This Orzo Salad with Oven-Roasted Vegetables is a delightful combination of hearty orzo pasta and colorful roasted vegetables, tossed in a tangy balsamic dressing. It’s perfect for serving as a main dish or side dish at any meal, and it’s sure to be a hit with family and friends alike.
1 cup dried orzo
1 medium-large sweet potato, peeled, cut into ½-inch pieces (about 2 cups)
¾-pound Brussels sprouts, trimmed, and quartered (about 3 cups)

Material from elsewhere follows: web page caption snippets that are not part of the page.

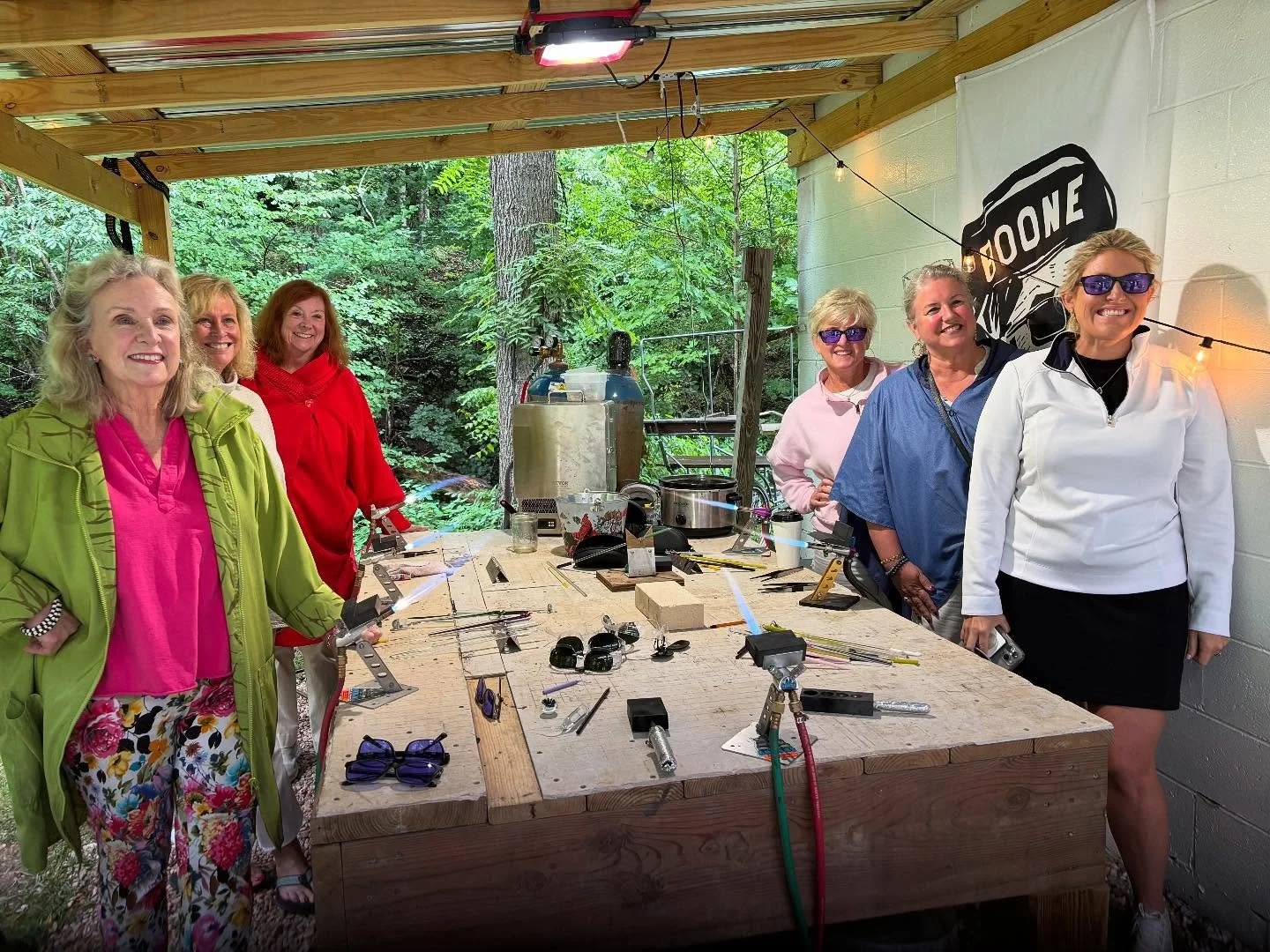 Want to learn to work with #glass ? Book your #glassclass today and leave with something you made,
visit www.booneblown.com to reserve your spot!
.
.
.
.
.
.
.
#glass #glassclass #marble #paperweight #lampworking #torch #lampwork #beadwork #boone #bo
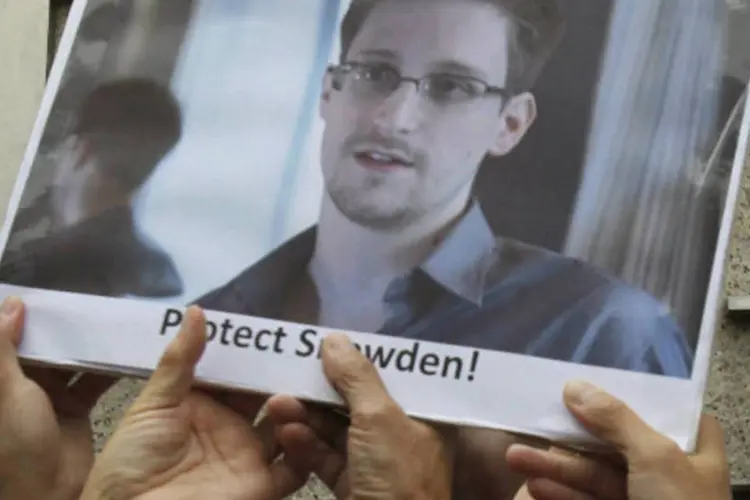 
	Apoiadores de Edward Snowden, ex-funcion&aacute;rio da Ag&ecirc;ncia Nacional de Seguran&ccedil;a (NSA), fazem protesto em frente ao Consulado dos EUA em Hong Kong
 (REUTERS / Bobby Yip)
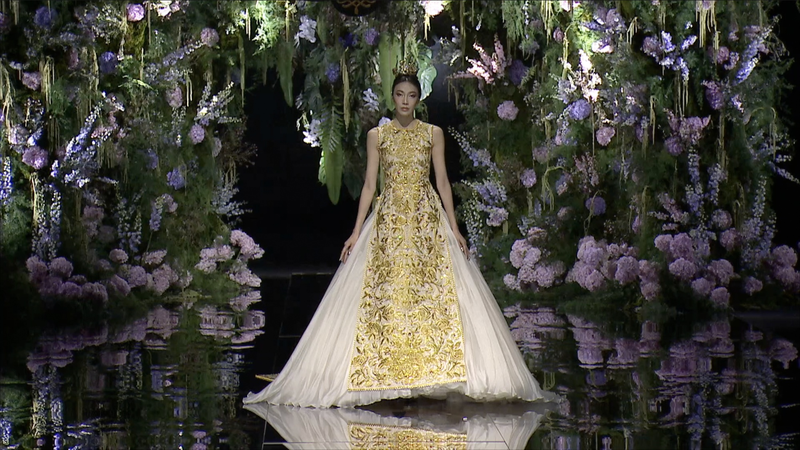 HQIZEQ5QUD01C3P54Z84 - 🌍NewspaperAmigo – Your Global News Buddy 🗞️ Guo Pei's Golden Vision Lights Up Beijing Fashion Week 🌟👗 video poster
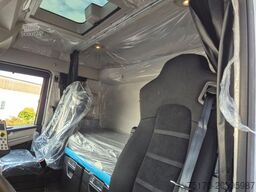 IVECO AS280X58Y/ PS ON Meiller AK 16. T Funk AHK Cam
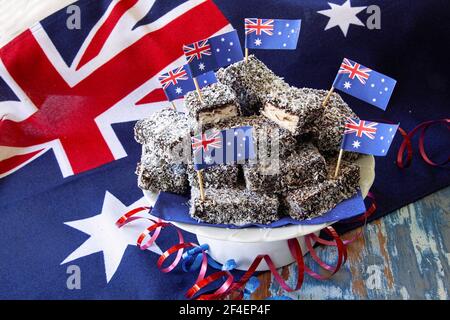 Une assiette de gâteaux de chocolat et de noix de coco traditionnels pour une fête de l'Australia Day. Banque D'Images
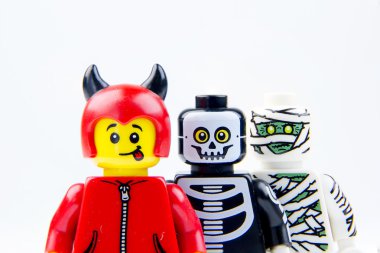 Lego hayalet Cadılar Bayramı Cadılar bayramı şekeri hile veya Treat.Theme Cadılar Bayramı arka plan istiyorum.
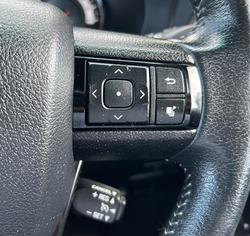 2019 Toyota
Hilux Rugged X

1 medium red onion, roughly chopped
Drizzle of olive oil, plus more for dressing
Salt to taste
1 (15-ounce) can chickpeas, drained and rinsed
2/3 cup walnuts
¼ cup extra-virgin olive oil
1 tablespoon maple syrup
¼ teaspoon dried basil
¼ teaspoon dried oregano
¼ teaspoon crushed red pepper
1 small garlic clove
¼ teaspoon salt, or to taste
Freshly ground black pepper to taste
1/3 cup chopped fresh parsley
1/3 cup dried cranberries
- Preheat the oven to 425ºF.
- Cook the orzo according to the directions on the packet until al dente.
- Place the sweet potato, Brussels sprouts, and red onion into a large bowl. Toss with a generous drizzle of olive oil and salt to taste. Transfer to a large nonstick rimmed baking sheet. Roast for about 20 minutes, or until the sweet potato is fork tender. Toss after 10 minutes so they cook evenly.
- Place the chickpeas and walnuts into the same bowl. Toss with a drizzle of olive oil, and salt to taste. Transfer to a small rimmed baking sheet. Roast with the vegetables on a lower rack.
- Remove the walnuts from the oven after about 7 minutes, or once they are golden brown. Continue cooking the chickpeas until the vegetables are ready.
- Meanwhile, add the olive oil, maple syrup, basil, oregano, and crushed red pepper to a small jar with a lid. Grate the garlic into the jar using a microplane or fine grater. Add salt and pepper. Cover and shake until well combined. Set aside.
- Transfer the orzo, sweet potato, Brussels sprouts, red onion, chickpeas, and walnuts to a large bowl. Add the dressing, parsley, and cranberries. Mix to combine. Season with salt and pepper.
- Serve warm or refrigerate for later use and enjoy as a chilled.